Müde und erneut sprach-verwirrt fallen wir in unsere zwei Betten im Vier-Mann-Zimmer.
Tag 5 - 19.03.2015
Ein Tag mit viel Zeit.
Wir frühstücken sehr ausgiebig und gehen mit leichtem Gepäck zurück zum Kloster um noch etwas einzukaufen. Vor allem Postkarten. Ahhhh, und jetzt sofort ganz schnell eine Toilette!
Vom Refugi Son Amer aus geht es noch ein mal kurz bergauf auf einen Pass und dann stetig abwärts.
An der ehemaligen Mineralwasserabfüllanlage Binifaldo überlegen wir, ob wir den Puig Tomir erklimmen wollen. Da das Wetter gut ausschaut versuchen wir es.
Schon nach wenigen Kehren sagt S., dass er heute keinen Bock mehr auf viele Höhenmeter hat. Nachvollziehbar eigentlich.

Er sucht sich ein nettes Plätzchen in der Böschung, wo ich auch meinen großen Rucksack ablade. Erneuter Einsatz für den Turnbeutel!

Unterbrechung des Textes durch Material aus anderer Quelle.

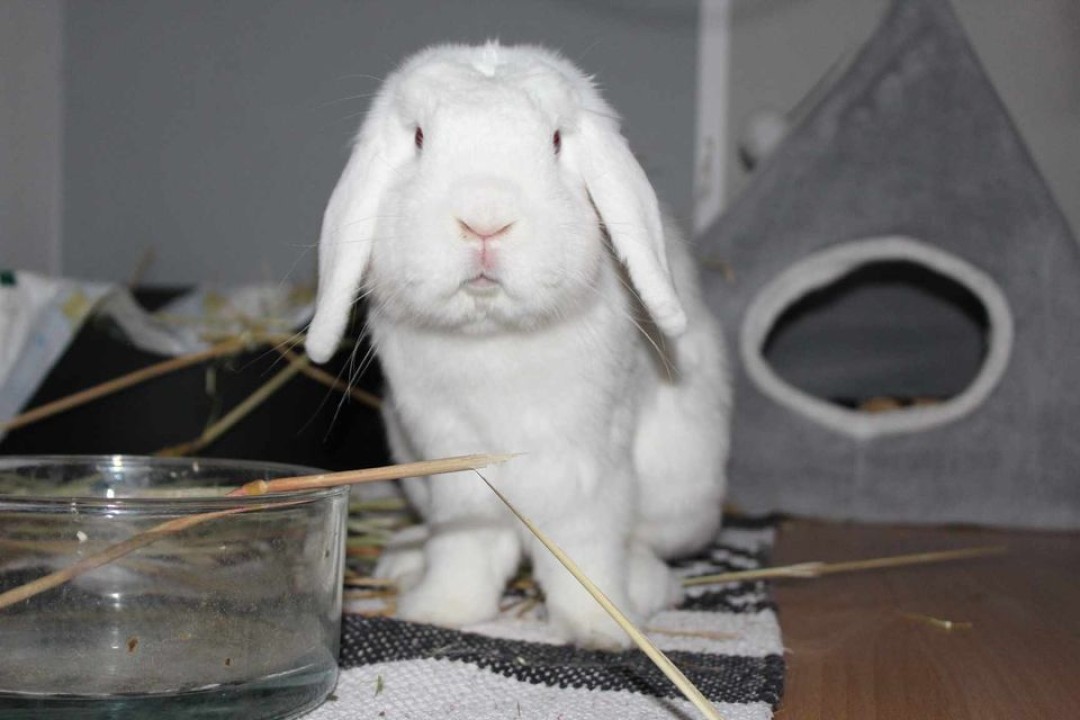 Provjerite tko su naj ljubimci 2024. godine!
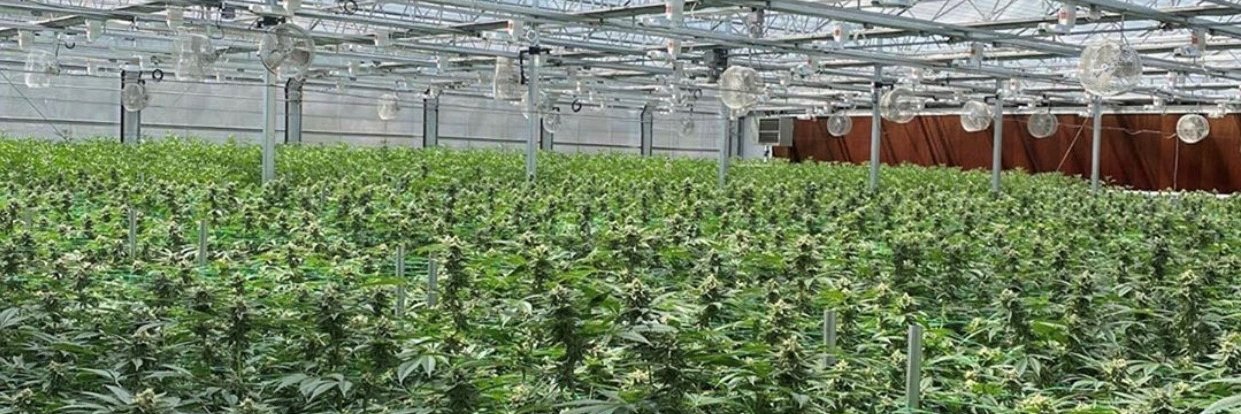 TheCannaPro's profile banner image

Ich folge erneut sehr genau der Beschreibung in der Karte, wobei ich bald merke, dass man hier hervorragend den Steinmännchen und Markierungen trauen kann. Während des Aufstiegs ist es etwas dunstig, ich genieße aber dennoch die Aussicht. Kurz vor dem Gipfelplateu erreicht mich jedoch wieder das mallorquinische Gipfel-Pech: Ich stehe schon wieder in den Wolken. Zugegebenermaßen etwas lustlos stapfe ich nach "ganz oben", lasse mich von einer Böe fast umlegen und schliddere beschwingten Turnschuhs nach unten.
Die gesicherten Stellen hier sind deutlich harmloser als die ungesicherten, die wir am Massanella passierten, allerdings war recht viel los, sodass ich ziemlich auf das runter prasselnde Gestein meiner Mitmenschen, die sich zum Großteil noch weniger elegant als ich durch den Schotter bewegten, achten muss.
Nach diesem kurzen Abstecher traben wir gemütlich weiter zur Font de Muntanya, in deren Umfeld sich reichlich Zeltplätze finden lassen.
Wir kochen selbstgedörrtes Chili con Carne am gemauerten Tisch. Ich merke an dieser Stelle schon, dass sich ein größeres Sturmtief in meinem Gemüt ankündigt, doch S. gibt sein Bestes, mich darüber hinweg zu trösten.
Nach einem äußerst wärmenden Chil bauen wir uns Haus etwas unterhalb der Quelle auf und schlüpfen bald (ohne Fleece, ohne Daunenjacke!) in die Penntüten.
Ich bastel noch eine kleine Wäscheleine in den Zeltgiebel, auf welcher wir fortan zur Verbesserung des Raumklimas unsere Stinksocken lagern.